◆ **EXTRACTED RECORDS**:
#####
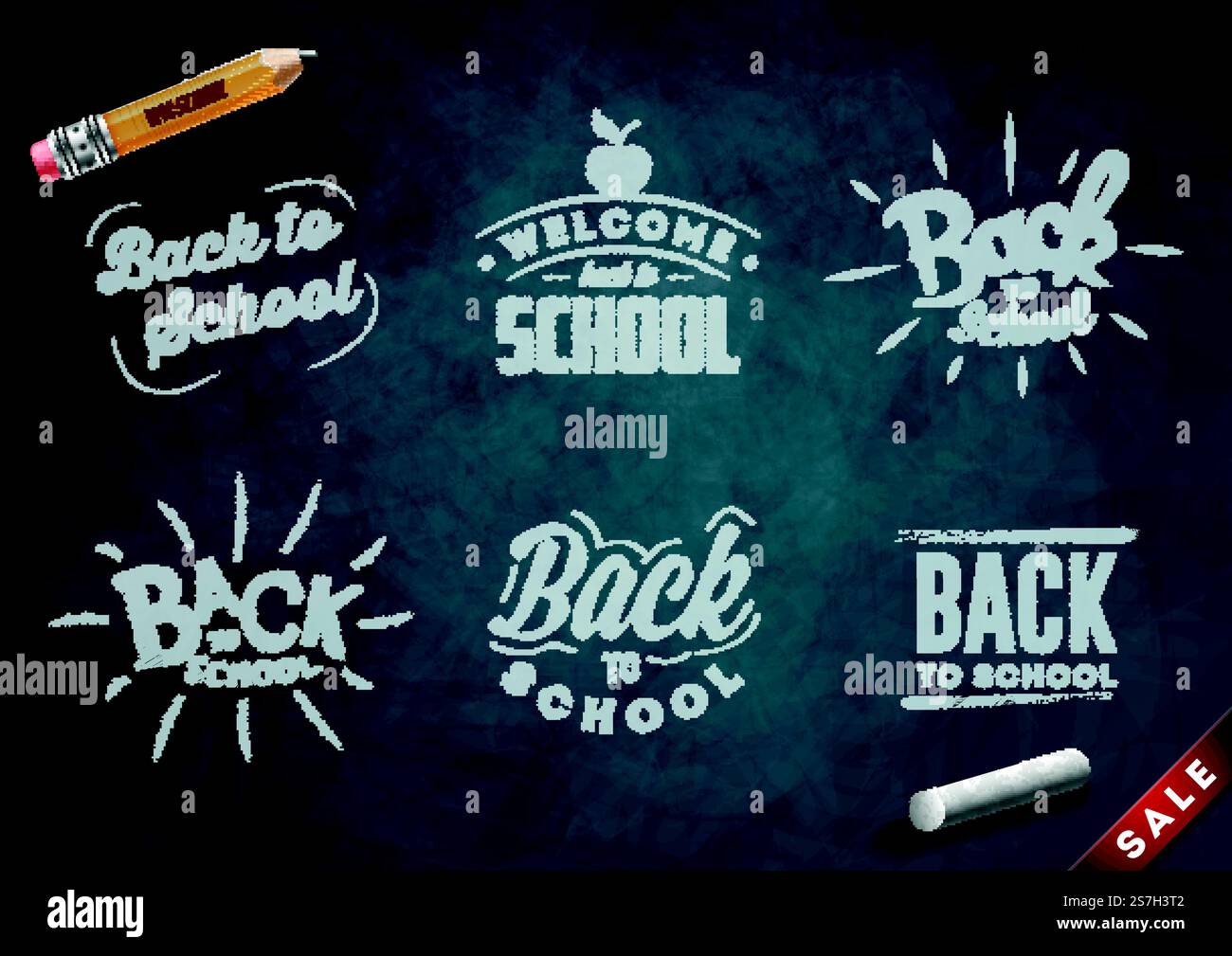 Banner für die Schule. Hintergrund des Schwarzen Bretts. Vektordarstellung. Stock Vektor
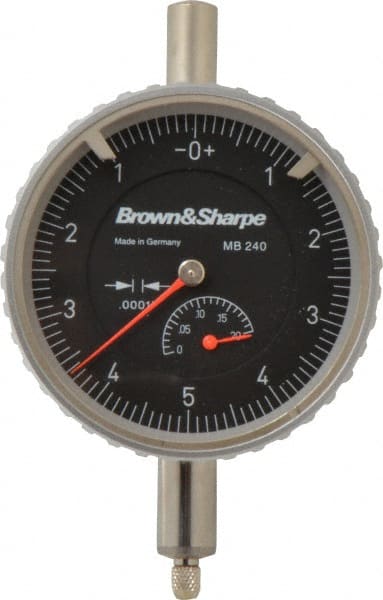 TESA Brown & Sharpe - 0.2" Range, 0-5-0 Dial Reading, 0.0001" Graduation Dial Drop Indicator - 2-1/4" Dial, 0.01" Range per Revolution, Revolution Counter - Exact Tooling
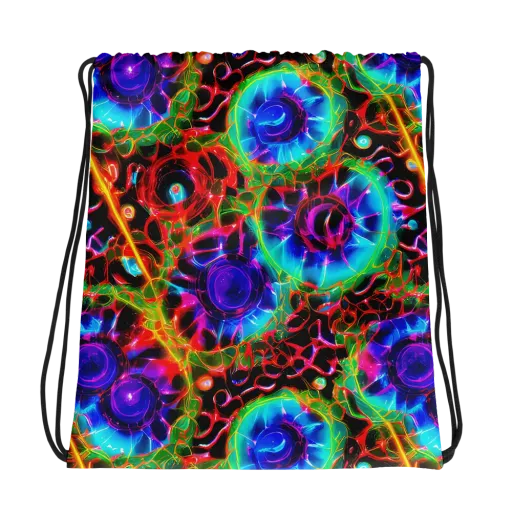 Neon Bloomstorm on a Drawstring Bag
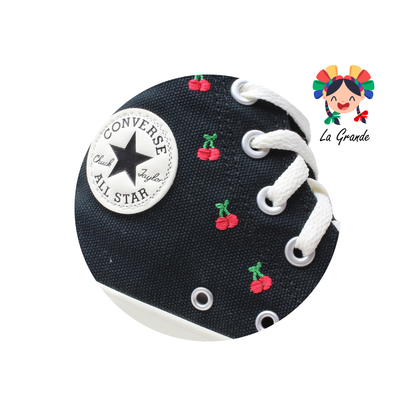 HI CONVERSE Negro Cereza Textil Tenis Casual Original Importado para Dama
#####
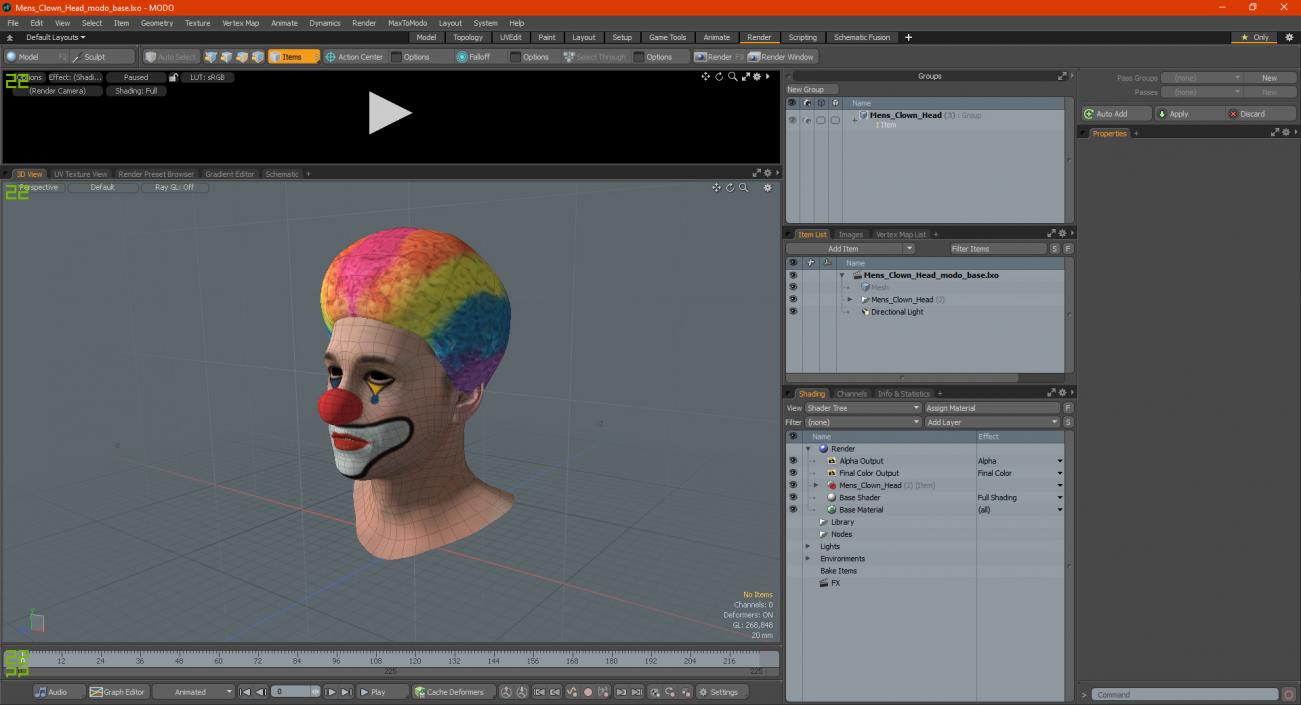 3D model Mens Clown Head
#####
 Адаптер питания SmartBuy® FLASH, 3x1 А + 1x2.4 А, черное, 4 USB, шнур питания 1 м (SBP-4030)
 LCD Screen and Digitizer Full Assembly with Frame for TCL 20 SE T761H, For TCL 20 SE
#####
◆ **TASK STATEMENT**:
Write out exactly the lines above between the one with "Banner für die" and the one with "HI CONVERSE Negro", inclusive, with pictures left out.

◆ **TASK ANSWER**:
 Banner für die Schule. Hintergrund des Schwarzen Bretts. Vektordarstellung. Stock Vektor
 TESA Brown & Sharpe - 0.2" Range, 0-5-0 Dial Reading, 0.0001" Graduation Dial Drop Indicator - 2-1/4" Dial, 0.01" Range per Revolution, Revolution Counter - Exact Tooling
 Neon Bloomstorm on a Drawstring Bag
 HI CONVERSE Negro Cereza Textil Tenis Casual Original Importado para Dama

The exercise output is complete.